> [Directions for this task]
The expected output is each line from the one containing "Z500/Rain (+SLP)/Z850 ECMWF" to the last line of the data below, set down exactly, minus the pictures.

> [Information supplied]

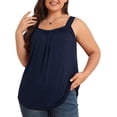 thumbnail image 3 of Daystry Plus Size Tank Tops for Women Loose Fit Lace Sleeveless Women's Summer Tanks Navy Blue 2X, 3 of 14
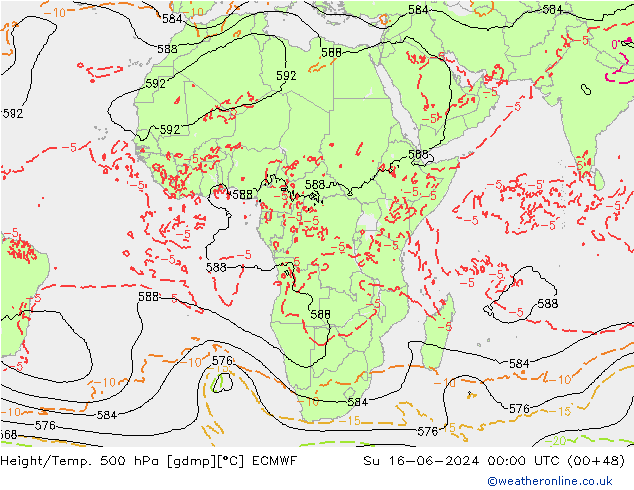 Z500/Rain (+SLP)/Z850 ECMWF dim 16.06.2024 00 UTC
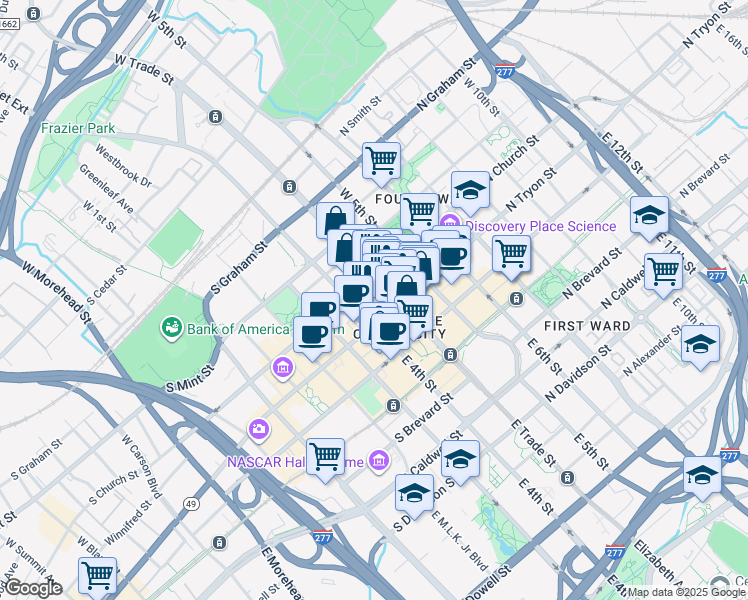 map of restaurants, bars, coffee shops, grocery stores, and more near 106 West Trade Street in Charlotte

> [Completed exercise]
 Z500/Rain (+SLP)/Z850 ECMWF dim 16.06.2024 00 UTC
 map of restaurants, bars, coffee shops, grocery stores, and more near 106 West Trade Street in Charlotte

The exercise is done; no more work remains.